DESCRIPTION OF THE TASK: For this exercise, copy all the data exactly and include none of the pictures.

DATA FOR THIS EXERCISE:
★ ★ ★ ★ ★
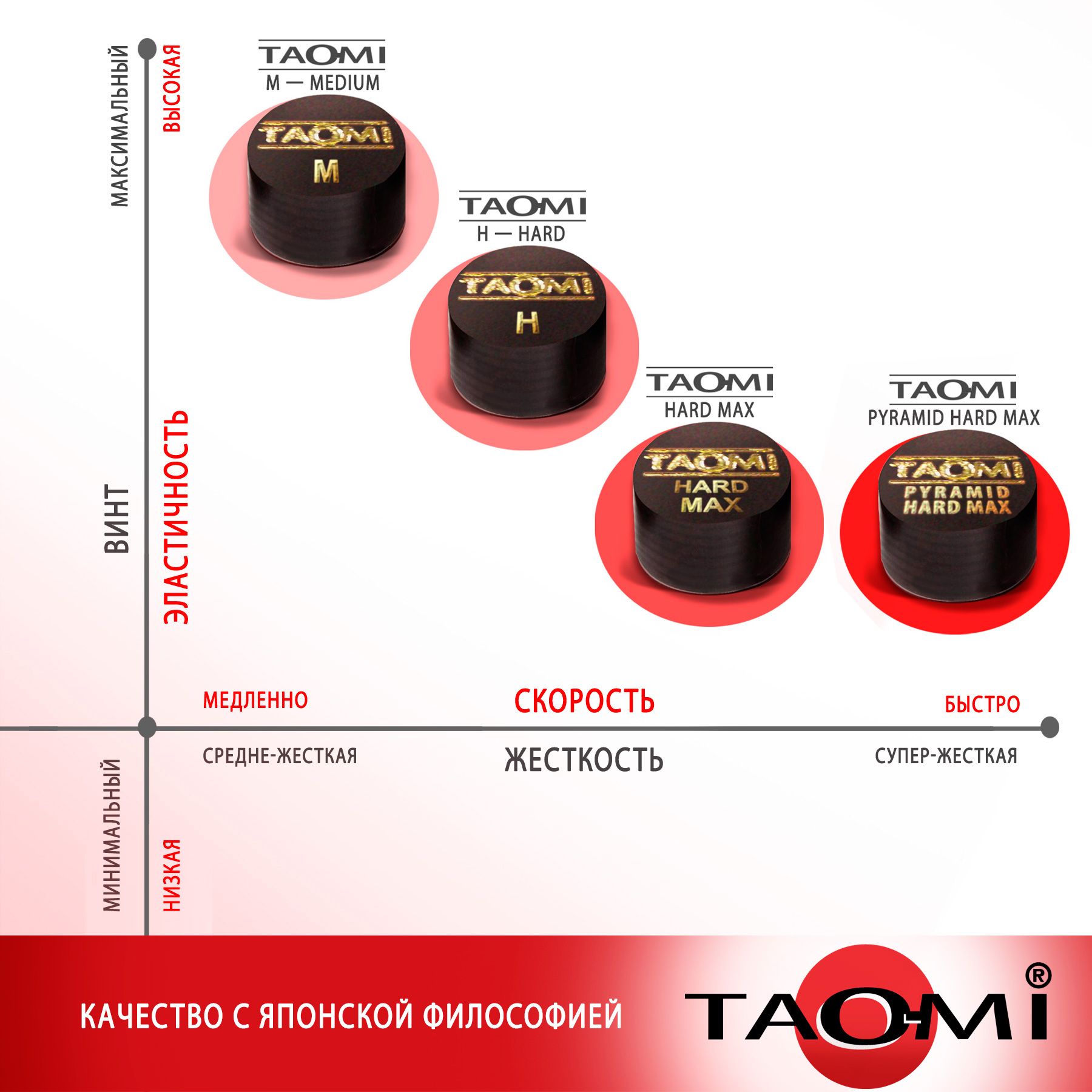 Шоубокс TAO-MI Наклейка для кия TAO-MI 12,5 мм, Medium без фибры (30 шт)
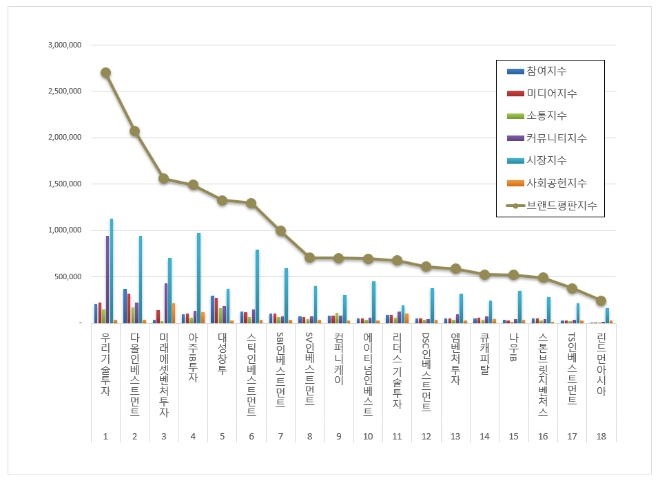 우리기술투자, 창업투자 상장기업 브랜드평판 12월 톱…"평판지수는↓"
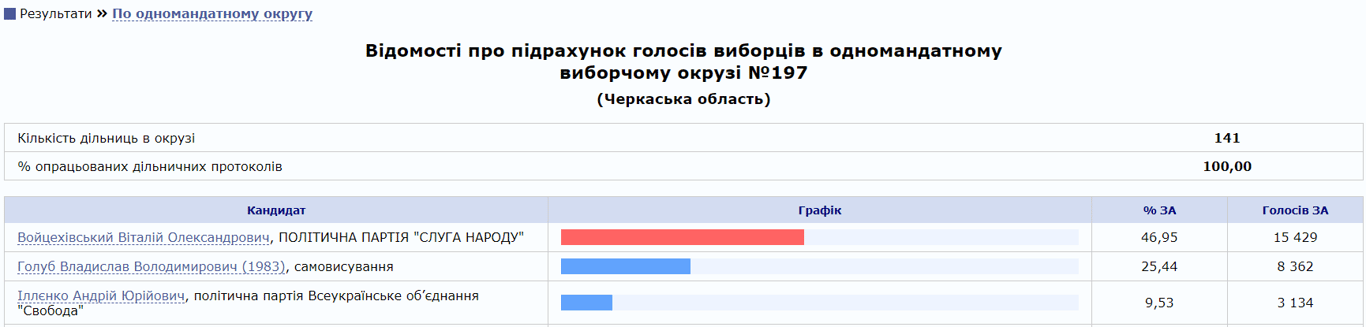 Результати виборів на виборчому окрузі №197 у Черкаській області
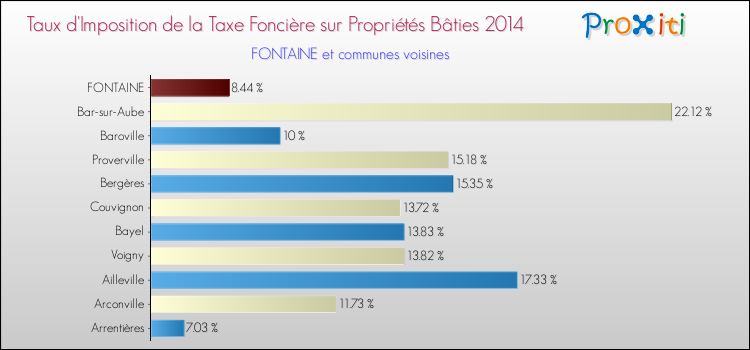 Taux d'imposition de la taxe foncière sur le bati 2014 pour FONTAINE et les communes proches Comparaison des taux d'imposition de la taxe foncière sur le bati 2014 pour FONTAINE et les communes voisines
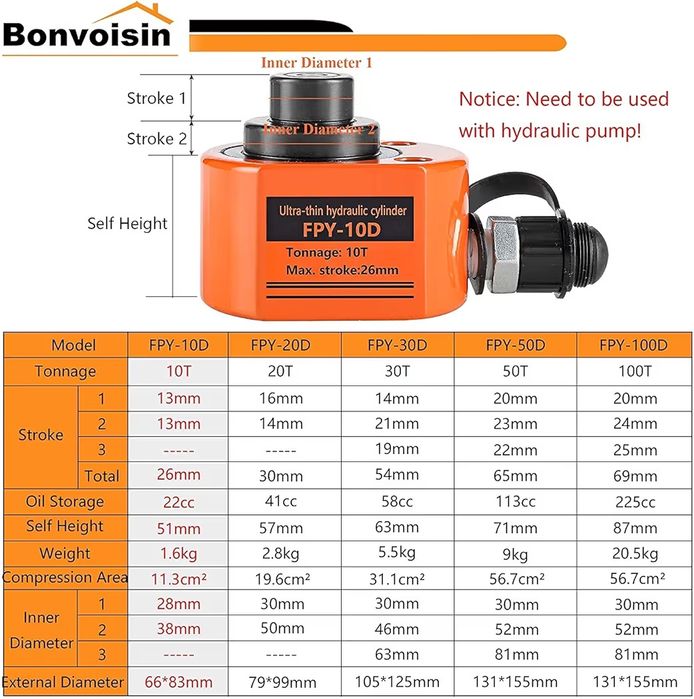 Pompa hidraulica pentru aplicatii industriale - 20T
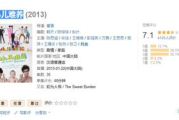 成长电视剧免费观看，青春故事深度解析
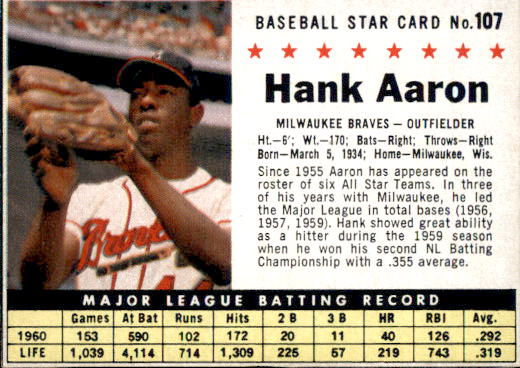 1961 Post #107A Hank Aaron COM back image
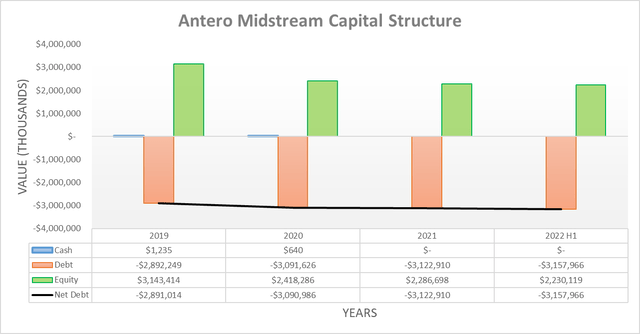 Antero Midstream Capital Structure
★ ★ ★ ★ ★
EXERCISE RESULT:
 Шоубокс TAO-MI Наклейка для кия TAO-MI 12,5 мм, Medium без фибры (30 шт)
 우리기술투자, 창업투자 상장기업 브랜드평판 12월 톱…"평판지수는↓"
 Результати виборів на виборчому окрузі №197 у Черкаській області
 Taux d'imposition de la taxe foncière sur le bati 2014 pour FONTAINE et les communes proches Comparaison des taux d'imposition de la taxe foncière sur le bati 2014 pour FONTAINE et les communes voisines
 Pompa hidraulica pentru aplicatii industriale - 20T
 成长电视剧免费观看，青春故事深度解析
 1961 Post #107A Hank Aaron COM back image
 Antero Midstream Capital Structure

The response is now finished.